Research on the Effect of Oriental Fruit Moth Feeding on the Quality Degradation of Chestnut Rose Juice Based on Metabolomics

School of Liquor and Food Engineering, Guizhou University, Guiyang 550025, China
*
Author to whom correspondence should be addressed.
Molecules 2023, 28(20), 7170; https://doi.org/10.3390/molecules28207170
Submission received: 19 August 2023 / Revised: 6 October 2023 / Accepted: 15 October 2023 / Published: 19 October 2023

Abstract

:
As a native fruit of China, chestnut rose (Rosa roxburghii Tratt) juice is rich in bioactive ingredients. Oriental fruit moth (OFM), Grapholita molesta (Busck), attacks the fruits and shoots of Rosaceae plants, and its feeding affects the quality and yield of chestnut rose. To investigate the effects of OFM feeding on the quality of chestnut rose juice, the bioactive compounds in chestnut rose juice produced from fruits eaten by OFM were measured. The electronic tongue senses, amino acid profile, and untargeted metabolomics assessments were performed to explore changes in the flavour and metabolites. The results showed that OFM feeding reduced the levels of superoxide dismutase (SOD), tannin, vitamin C, flavonoid, and condensed tannin; increased those of polyphenols, soluble solids, total protein, bitterness, and amounts of bitter amino acids; and decreased the total amino acid and umami amino acid levels. Furthermore, untargeted metabolomics annotated a total of 426 differential metabolites (including 55 bitter metabolites), which were mainly enriched in 14 metabolic pathways, such as flavonoid biosynthesis, tryptophan metabolism, tyrosine metabolism, and diterpenoid biosynthesis. In conclusion, the quality of chestnut rose juice deteriorated under OFM feeding stress, the levels of bitter substances were significantly increased, and the bitter taste was subsequently enhanced.

Graphical Abstract

1. Introduction

Chestnut rose (Rosa roxburghii Tratt) of the Rosaceae family is a rare and native fruit in China, and its juice is rich in functional active components, such as vitamin C, superoxide dismutase (SOD), and terpenoids. Chestnut rose is also known as the “King of Vitamin C” because of its high vitamin C content [1]. As the geographic origin of chestnut rose, Guizhou Province in China has been focusing on chestnut rose plantation, exploitation and utilization [2,3]. Studies have shown that chestnut rose juice has reproductive protection, antioxidant, anti-inflammatory, anticancer, and immunity enhancement properties [4,5,6]. With the rising social recognition of chestnut rose juice, a variety of chestnut rose products, including chestnut rose drinks, chestnut rose wines, and chestnut rose preserved fruits are attractive for the public. However, chestnut rose juice has a highly bitter taste, since it contains high levels of polyphenols and flavonoids. This has become an obstacle to the consumption of chestnut rose products. Although some enterprises have adopted techniques to remove the astringent and bitter flavours during the processing of chestnut rose products, there are some side effects, such as serious nutrient loss, complicated processing, and poor quality improvement [7]. Plant bitterness is derived from bitter substances.
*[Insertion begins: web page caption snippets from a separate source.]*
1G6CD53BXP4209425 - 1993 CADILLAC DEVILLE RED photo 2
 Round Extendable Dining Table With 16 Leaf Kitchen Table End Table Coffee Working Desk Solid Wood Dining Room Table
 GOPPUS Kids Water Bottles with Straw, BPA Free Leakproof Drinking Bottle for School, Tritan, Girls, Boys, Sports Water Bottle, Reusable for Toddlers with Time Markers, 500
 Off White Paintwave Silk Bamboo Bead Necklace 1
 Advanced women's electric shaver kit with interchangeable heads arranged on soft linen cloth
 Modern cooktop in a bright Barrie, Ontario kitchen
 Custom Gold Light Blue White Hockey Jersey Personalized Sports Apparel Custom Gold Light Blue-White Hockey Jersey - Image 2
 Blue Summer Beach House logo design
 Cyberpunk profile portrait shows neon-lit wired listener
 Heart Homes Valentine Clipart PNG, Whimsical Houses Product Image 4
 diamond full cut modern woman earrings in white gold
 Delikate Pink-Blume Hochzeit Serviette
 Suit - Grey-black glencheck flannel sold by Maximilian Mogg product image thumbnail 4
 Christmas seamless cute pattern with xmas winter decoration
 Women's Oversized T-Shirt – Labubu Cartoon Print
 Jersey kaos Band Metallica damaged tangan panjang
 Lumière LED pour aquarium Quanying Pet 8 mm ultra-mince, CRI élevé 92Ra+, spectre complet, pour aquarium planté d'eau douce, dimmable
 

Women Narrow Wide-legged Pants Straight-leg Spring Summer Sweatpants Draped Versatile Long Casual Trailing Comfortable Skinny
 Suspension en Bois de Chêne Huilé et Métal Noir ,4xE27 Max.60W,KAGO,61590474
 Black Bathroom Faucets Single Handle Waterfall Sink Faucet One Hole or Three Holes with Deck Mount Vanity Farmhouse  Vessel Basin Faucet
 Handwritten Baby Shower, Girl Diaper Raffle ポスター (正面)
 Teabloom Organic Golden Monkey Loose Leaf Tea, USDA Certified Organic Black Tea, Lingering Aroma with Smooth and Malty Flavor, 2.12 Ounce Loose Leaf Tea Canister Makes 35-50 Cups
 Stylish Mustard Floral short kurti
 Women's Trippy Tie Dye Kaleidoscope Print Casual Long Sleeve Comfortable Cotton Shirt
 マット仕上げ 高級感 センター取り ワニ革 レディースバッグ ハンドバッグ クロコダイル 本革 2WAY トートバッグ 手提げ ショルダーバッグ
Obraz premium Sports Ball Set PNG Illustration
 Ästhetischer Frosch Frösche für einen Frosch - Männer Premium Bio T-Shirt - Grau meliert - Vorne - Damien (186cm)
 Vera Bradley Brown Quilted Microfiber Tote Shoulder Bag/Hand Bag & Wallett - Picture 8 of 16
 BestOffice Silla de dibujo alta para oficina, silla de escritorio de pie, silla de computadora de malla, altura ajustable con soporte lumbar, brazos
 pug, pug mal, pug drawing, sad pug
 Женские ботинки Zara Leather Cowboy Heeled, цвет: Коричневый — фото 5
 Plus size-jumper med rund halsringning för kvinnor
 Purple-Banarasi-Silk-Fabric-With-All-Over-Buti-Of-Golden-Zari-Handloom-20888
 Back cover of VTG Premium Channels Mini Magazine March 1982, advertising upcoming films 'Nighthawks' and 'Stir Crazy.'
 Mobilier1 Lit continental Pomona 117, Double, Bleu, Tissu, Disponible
Increasing evidence has shown that in addition to inherent bitter substances, when subjected to external stress, the plant’s defence system activates the synthesis of additional bitter substances and enhances the activity of the original bitter substances to resist invasion from pests, diseases, mechanical injuries, and drought [8,9].
Oriental fruit moth (OFM), Grapholita molesta (Busck) (Lepidoptera: Tortricidae), is a common pest of the roots and fruits of Rosaceae plants [10]. As the main pest of chestnut rose, OFM feeding directly disturbs the quality and yield of chestnut rose [11,12]. Early feeding of OFM is one of the main causes of fruit shedding, and OFM feeding in the middle and late stages of maturity is problematic for chestnut rose processing [11]. Statistical data from Guizhou chestnut rose juice processing enterprises in recent years showed that 20~60% of chestnut rose suffers from OFM feeding stress. Because it is difficult to distinguish chestnut rose fruit undergoing OFM feeding from normal fruit on their appearance, equipment and technology specifically designed for screening fruit eaten by OFM is unavailable. Although OFM feeding did not significantly change the appearance of chestnut rose fruit, the effect on its quality was unclear. Our previous studies have revealed that compared with normal chestnut rose juice, there is significantly increased bitterness, astringency, and decreased storage stability in chestnut rose juice from fruits subjected to OFM feeding stress. However, the mechanism of quality deterioration of juice from chestnut rose eaten by OFM is unclear. Therefore, it is necessary to explore the basis of the nutrient and flavour deterioration in chestnut rose juice under OFM feeding stress. This will provide theoretical guidance for the planting, management, and processing of high-quality chestnut rose.
In this study, function, flavour deterioration, and metabolic pathways of chestnut rose juice deterioration under OFM feeding stress were explored by using physiological and biochemical methods to determine the functional active components of chestnut rose juice after OFM feeding. Sensory evaluations of flavour and amino acid detection were carried out by an electronic tongue and automatic amino acid analyser, and changes in metabolic pathways were revealed through nontargeted metabolomics.

2. Results and Discussion

2.1. Effects of OFM Feeding on Functional Active Ingredients in Chestnut Rose Juice

The normal fruit and those subjected to OFM feeding could not be distinguished based on their appearance. However, after cutting the fruit open, it was observed that the inside of the latter was “blackened” (Figure S1), and the worm fruit rate reached 27.68% in these fruits. As shown in Table 1, there was no significant difference in weight, the ratio of transverse to longitudinal diameters, or total colour, but the juice yield of normal fruit (67.19%) was significantly higher than that of fruit subjected to OFM feeding (55.36%). In the fruit juice from fruit subjected to OFM feeding, there was a decrease in SOD and tannin content, especially that of vitamin C, condensed tannins, and flavones; there were also increased levels of polyphenols, soluble solids, and total protein. These results indicate that OFM feeding seriously degraded the quality of chestnut rose juice.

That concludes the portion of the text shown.